M. S. Ingersoll was educated in the public schools of Missouri and as a young man homesteaded land in South Dakota. As one of the pioneer farmers of that region he endured many hardships but eventually converted the virgin soil into a rich and productive tract. In 1905 he disposed of his property in South Dakota and went to Texas, spending two years in the Lone Star state. He next came to Washington and embarked in the fishing business in Seattle, owning a purse seine boat. He was thus engaged from 1913 until 1919 and then came to Whatcom county, purchasing the old Wilcox homestead in Lawrence township. It was taken up as a homestead nearly a half century ago and contains eighty acres of land.
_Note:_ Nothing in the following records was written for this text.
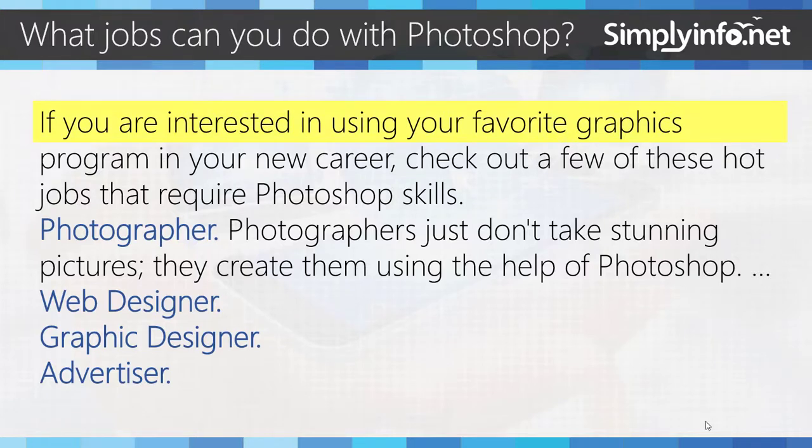So now, what jobs can you do with Photoshop? If you are interested in using your favorite graphics program in your new career, check out a few of these hot jobs that require Photoshop skills.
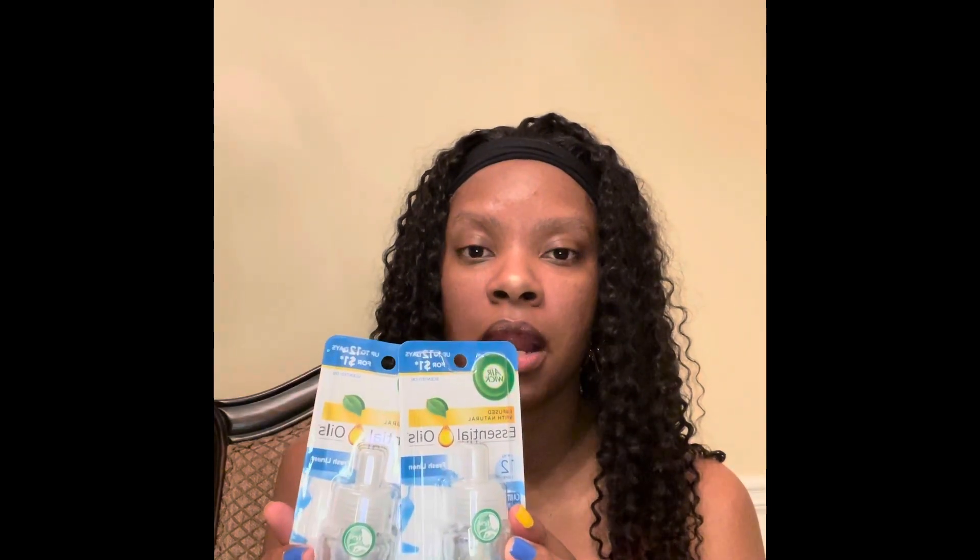I got the Air Wick infused with natural essential oils. It says up to 12 days, but because of the size it won't last a full 12 days — you can put it on a low setting if you want it to last maybe a week. These are still great in a pinch when you haven't made it to the big store for the full size. This is a great name brand and it's in fresh linen, which always smells good. I got two of these and was actually shocked to see them back.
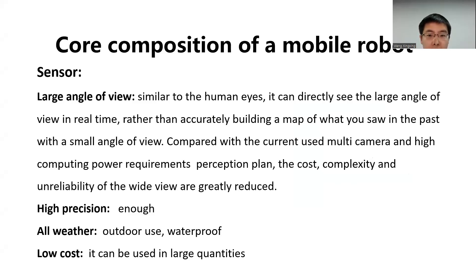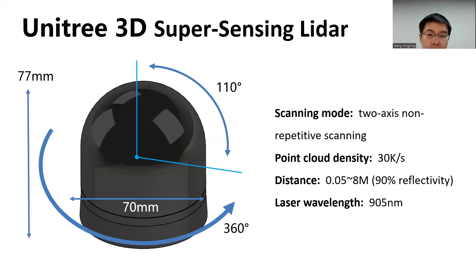We have developed a very special new sensor that has solved problems we have had with robot perception. Its biggest characteristic is its super-wide perception field of view — similar to human eyes, it can directly see a large angle of view in real time, rather than quickly building a map from a small angle of view. Compared with systems that require multiple cameras and high computing power, this wide-view sensor greatly reduces perception, planning, cost, and complexity.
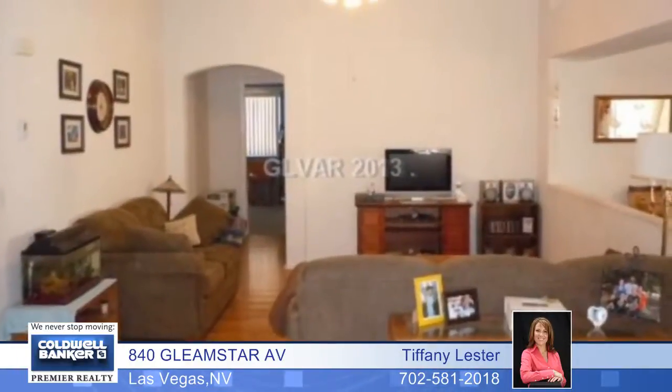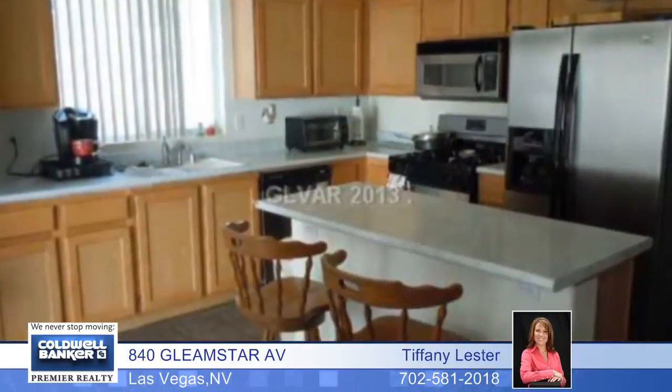What a great combination. This single story has four bedrooms, two baths, and a three-car garage.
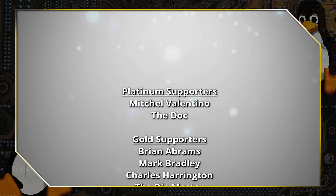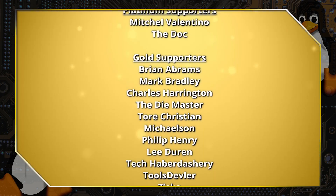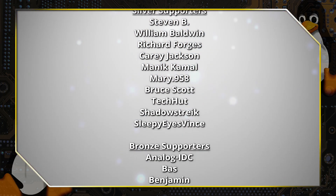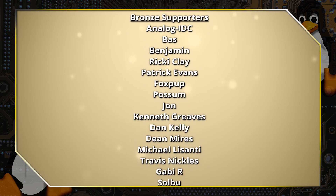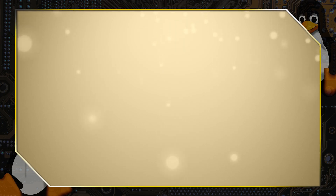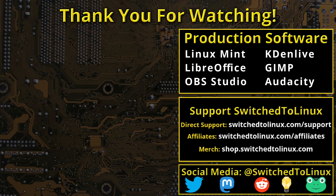Thank you for watching. This channel would not be possible without the backing of program supporters scrolling on the screen now. You can be a supporter at Patreon — patreon.com/tomm — or at thinklifemedia.com. I also want to thank the open source community who creates such excellent software that makes producing this show possible. Please remember to support your software communities, and I hope that you enjoy switching to Linux.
The house and barn are still standing and the latter is made of split cedar boards. The house is well preserved and is constructed of twenty-seven inch face cedar logs, hand hewed on four sides, presenting an interesting landmark of the early days. Mr. Ingersoll has a large poultry ranch and also operates a dairy. He has made a close study of these industries and owes his success to well formulated plans and scientific methods.
In 1884 Mr. Ingersoll married Miss Cora Knickerbocker, also a native of Fillmore, Missouri, and four children were born to them: Fred T., who is married and lives in Seattle, Washington; Chauncey C., at home; Harry M., who operates a ranch near the Wilcox homestead and has a wife and three children; and John Francis, known as Frank, who is also married. Mr. Ingersoll is a Mason and belongs to the Whatcom County Associations of Dairymen and Poultrymen, while he is also connected with the Cooperative Hatchery. He follows an independent course in politics, voting according to the dictates of his judgment, and his public spirit has led to his service on the school board. In the training school of life he has learned many valuable lessons, profiting by each experience, and he is now enjoying that prosperity which is the reward of honest labor.